- What the exercise asks:
Would you please set down, word for word, the lines from the one with "CAT5e hálózati kábel" through the final line of the data below, omitting any pictures?

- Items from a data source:
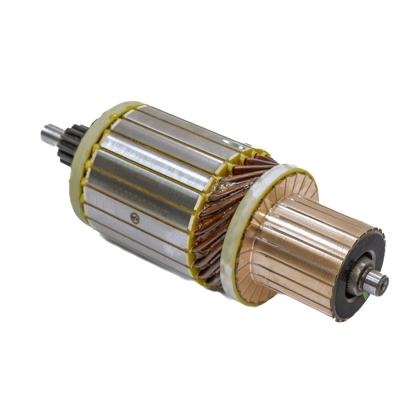 Induzido Do Motor De Partida Caminhão P124 Volvo Volvo B12 Fh12 Fh420 Fh520 Vm210 Vm260 Vm310 Man 24V 13 Estrias - ZM8389056  
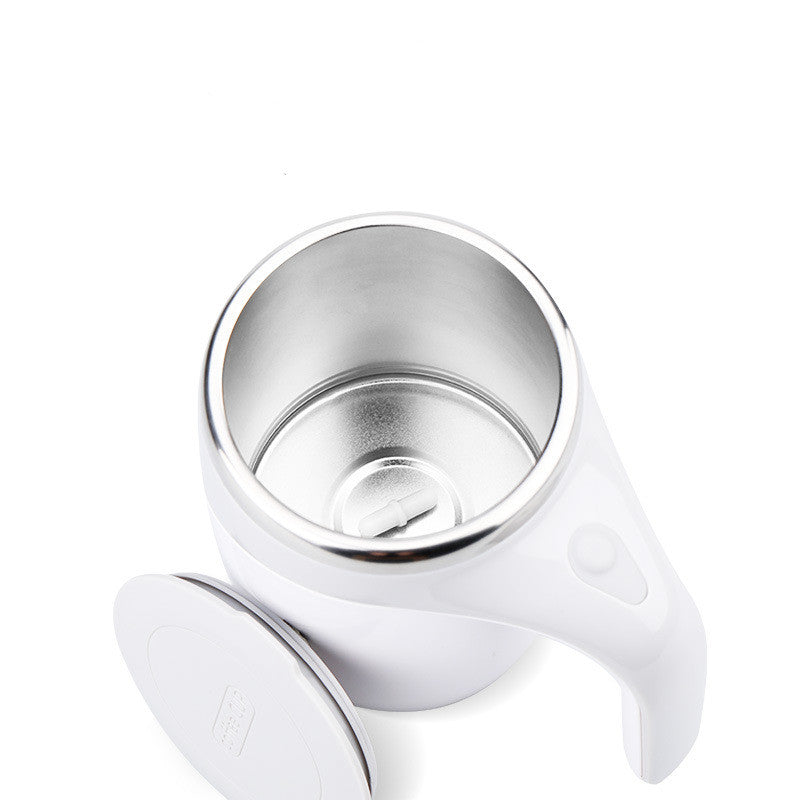 Automatic Self Stirring Coffee Mug – Rechargeable Electric Mixing Cup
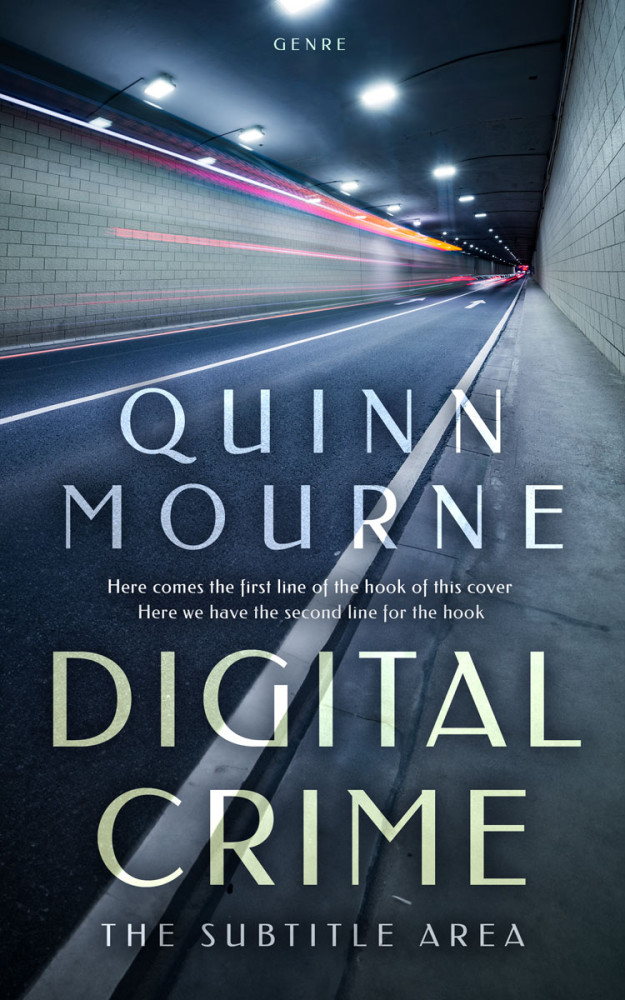 Front view of Pickled Bluewood #30142 - Premade Mystery & Thriller & Suspense Book Cover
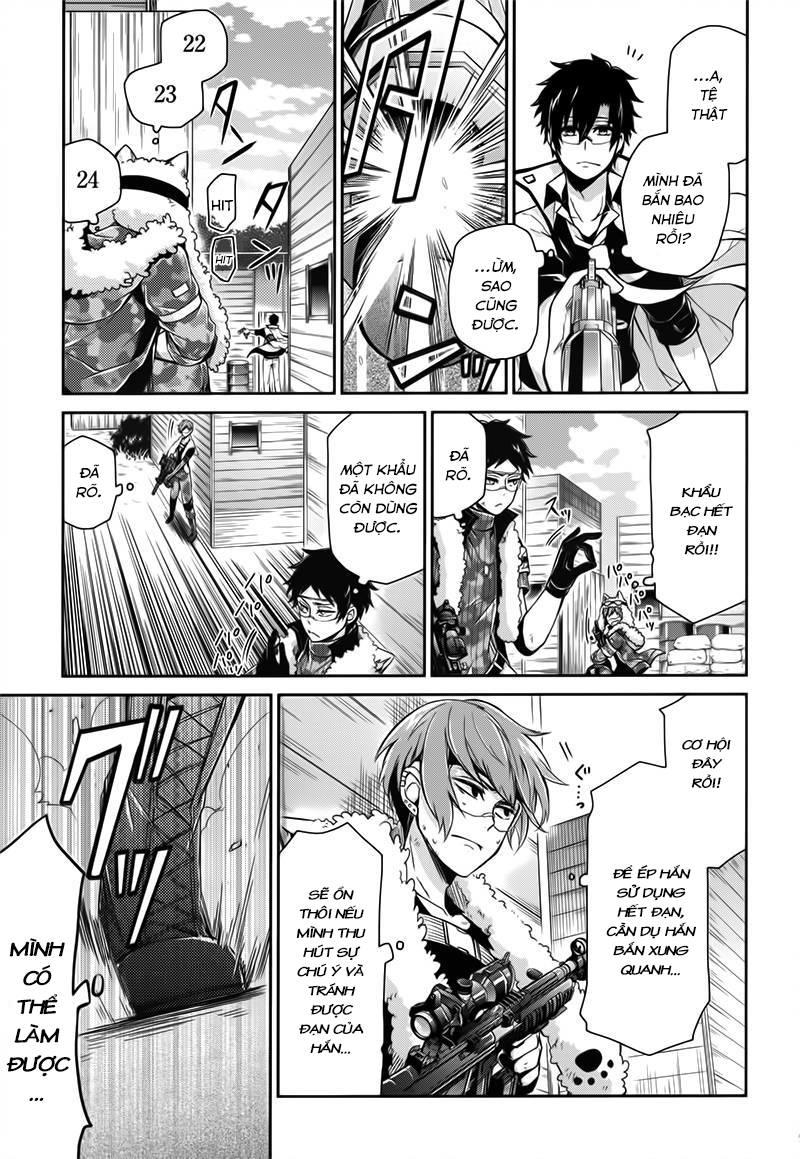 Aoharu X Kikanjuu Chapter 29 - 8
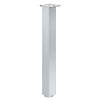 Tischbein, Alu - 100x100 - H 695-1100 mm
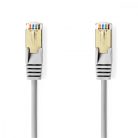 CAT5e hálózati kábel | SF/UTP | RJ45 Dugasz | RJ45 Dugasz | 5.00 m | Kerek | PVC | Szürke | Doboz
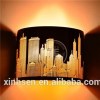 Etched Metal Lamp Frame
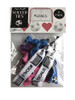 Soccer Accessory Set Hair Ties Bracelets And Balls For Girls Boys Women Teams And Coaches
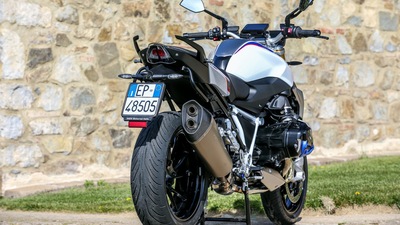 BMW R 1250 R - LE FOTO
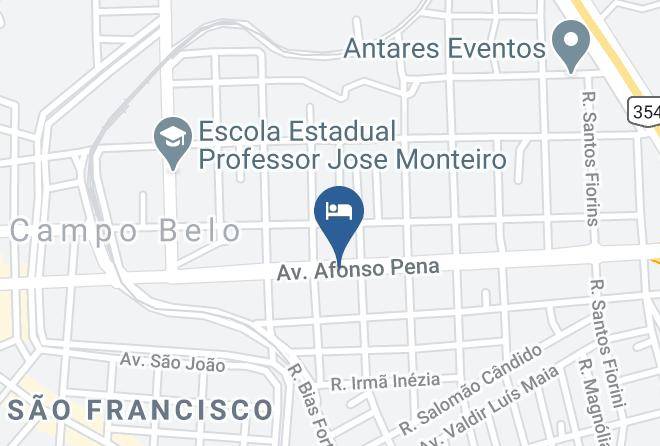 Campo Belo - Hotel E Restaurante Champagne Alto Avenida Maps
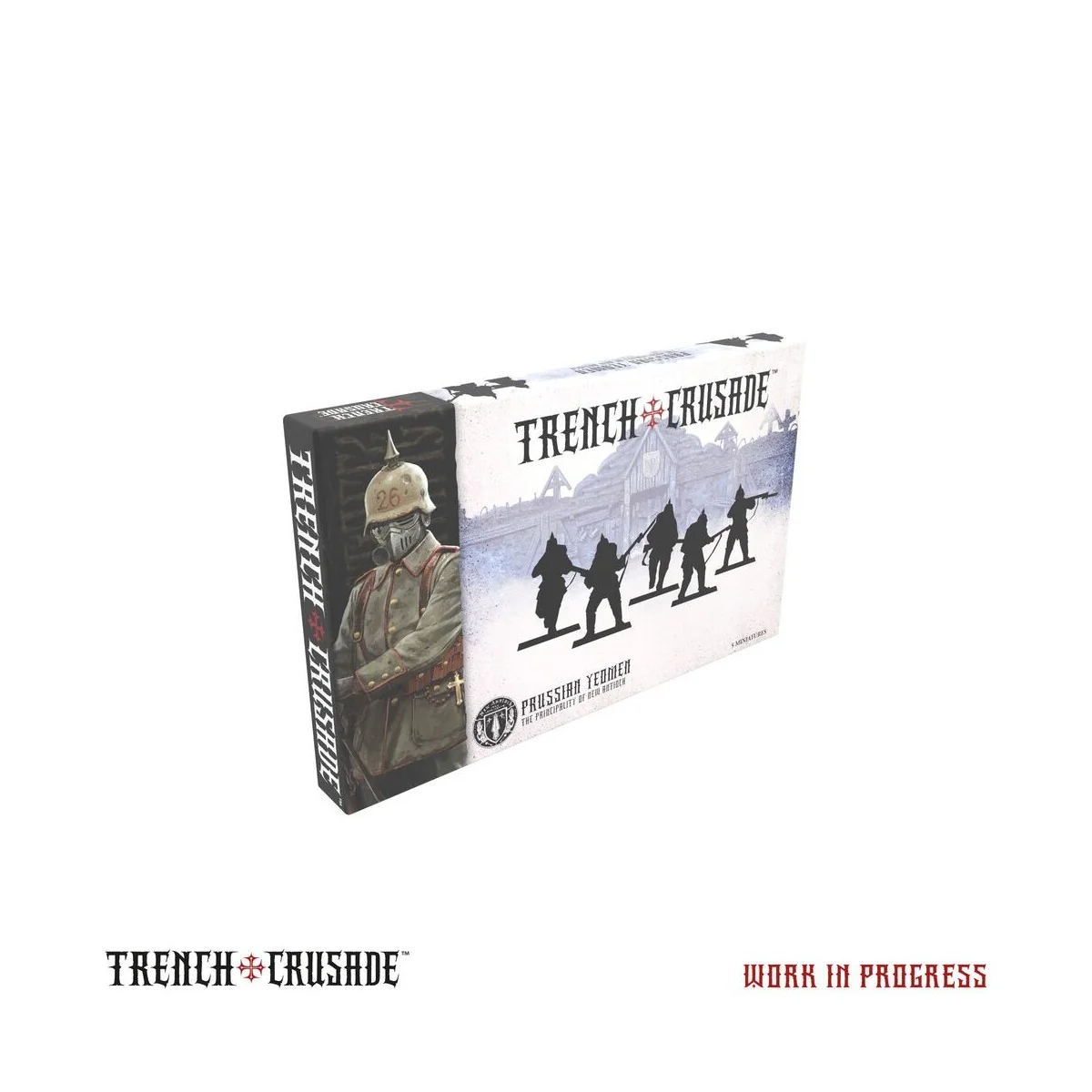 Trench Crusade: Prussian Yeomen - Archon Studio TCPM2016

- Solution to the exercise:
 CAT5e hálózati kábel | SF/UTP | RJ45 Dugasz | RJ45 Dugasz | 5.00 m | Kerek | PVC | Szürke | Doboz
 Etched Metal Lamp Frame
 Soccer Accessory Set Hair Ties Bracelets And Balls For Girls Boys Women Teams And Coaches
 BMW R 1250 R - LE FOTO
 Campo Belo - Hotel E Restaurante Champagne Alto Avenida Maps
 Trench Crusade: Prussian Yeomen - Archon Studio TCPM2016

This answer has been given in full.